O Ministério Público do Rio de Janeiro (MP-RJ) pediu nesta terça-feira, 6, a prisão preventiva de João Ricardo Rangel Mendes, ex-CEO da Hurb. Mendes foi detido no dia anterior no Aeroporto de Jericoacoara, no Ceará, enquanto tentava embarcar com um documento de identidade falso. Este episódio se dá em meio a um processo em que ele já é acusado de furto de obras de arte, resultando em uma situação legal complexa e delicada.

No contexto de sua atual situação, Mendes estava sob medidas cautelares que incluíam o uso de uma tornozeleira eletrônica e a apresentação de relatórios médicos mensais. Contudo, a promotoria alegou que ele não apresentou relatórios desde setembro e desrespeitou as condições impostas, o que embasou o novo pedido de prisão. A defesa de Mendes, por sua vez, afirmou que ele já se encontra em liberdade após a audiência de custódia e está focado na recuperação de sua saúde.

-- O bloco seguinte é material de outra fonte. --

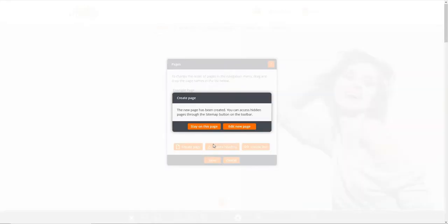A message will appear to confirm your page has been created, and you will have the option to stay on the current page or go directly to the new page you've just created.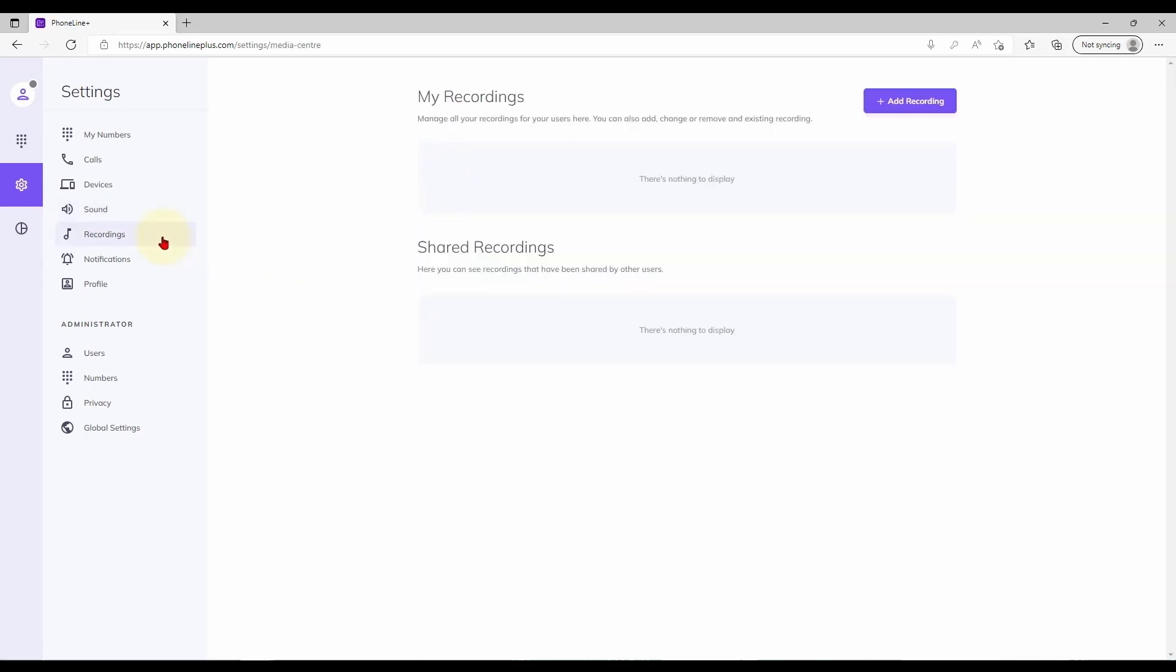The recordings page contains your library, where the platform will store audio to be used for voicemail greetings or music on hold. Select the purple button at the top of the page to add audio to be used elsewhere.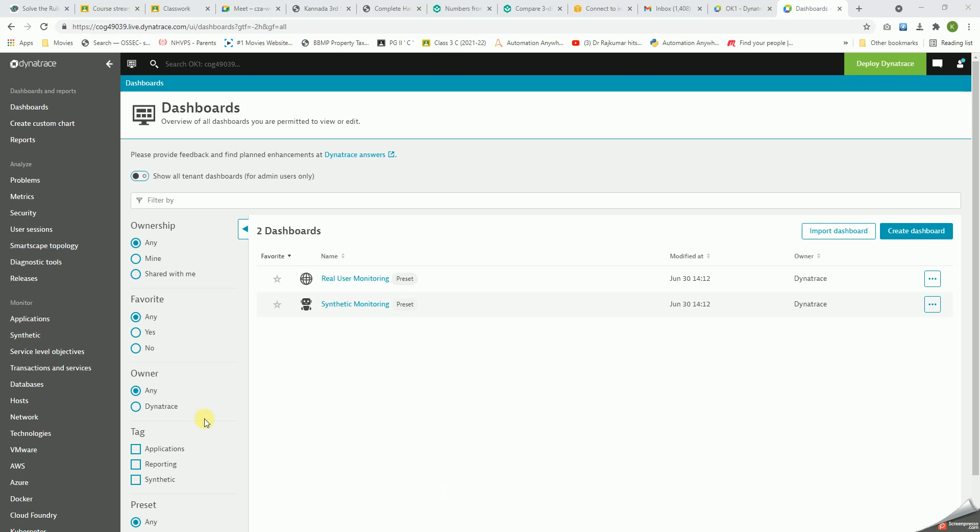It has best-in-class features that allow us to monitor many parameters, and we can have dashboards and reports defined along with it. We get a 15-day trial version to try, and then we'll have to buy the license.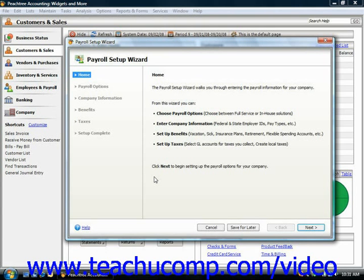Now in addition to doing it yourself, you can also enroll in a full-service payroll service through the Peachtree program if desired.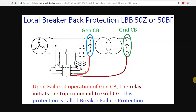Let's talk about this video. LPP is Local Breaker Back-Up Protection. So what are we going to do now? It's very simple. This is very important.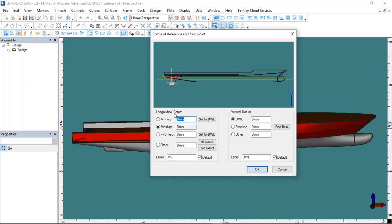I would like to explain the options under the Longitudinal Datum heading in order. Whatever box you mark here sets the zero point on the x-axis at the location of that option. If you check the aft peak option, the aft peak is considered as the zero point. If you select the midship option, the middle of the boat is considered zero. Whichever you choose in the label section will be accepted as zero. I want to accept the aft perpendicular as point zero. Now let's set the zero point for the y-axis — I choose the baseline option, wanting the baseline to be at the bottom.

A nova solicitação de prisão preventiva do MP-RJ destaca a preocupação com o cumprimento das ordens judiciais e a possibilidade de reincidência em atividades ilegais. Mendes, que co-fundou a Hurb em 2011, enfrentou problemas financeiros na empresa, que pediu recuperação judicial em 2024 após dificuldades para honrar compromissos com clientes. A situação do ex-CEO e da empresa reflete a fragilidade de negócios que não conseguiram se adaptar às condições do mercado pós-pandemia.